** Source material follows **
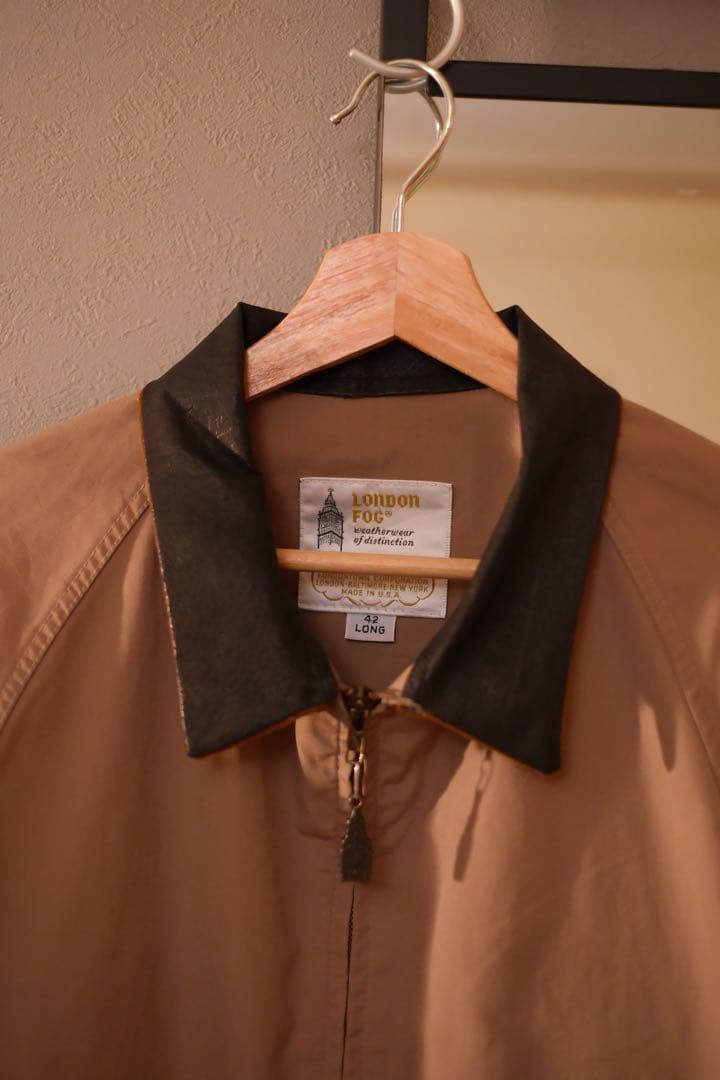 lodon fog スイングトップ カスタム 襟レザー 古着 comoli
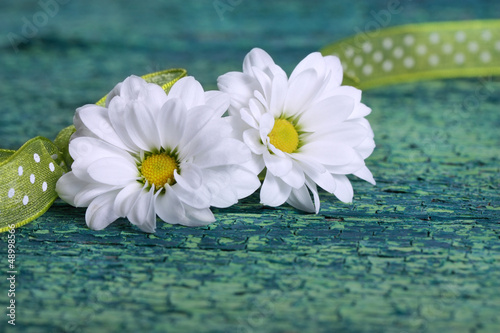 Zwei weiße Blüten auf Holz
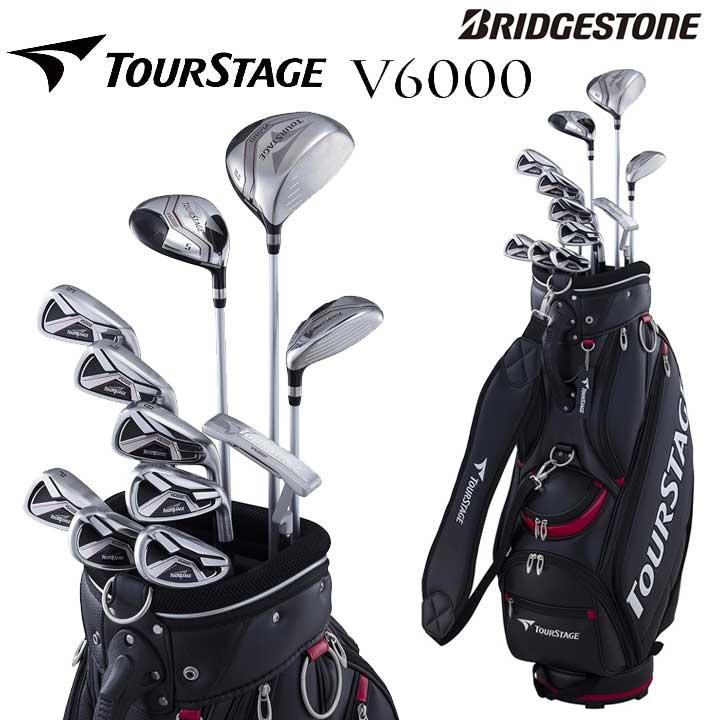 ブリヂストン ツアーステージV6000 メンズR 11本 美品 フルセット TOURSTAGE ブリヂストン ツアーステージ V6000 キャディバッグ付 11本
** End of Source material **
Required work: Beginning at the line with "Zwei weiße Blüten auf Holz" and ending at the last line of the listing above, retype each line exactly, including those two lines. Leave the pictures out.

Reply to the exercise:
 Zwei weiße Blüten auf Holz
 ブリヂストン ツアーステージV6000 メンズR 11本 美品 フルセット TOURSTAGE ブリヂストン ツアーステージ V6000 キャディバッグ付 11本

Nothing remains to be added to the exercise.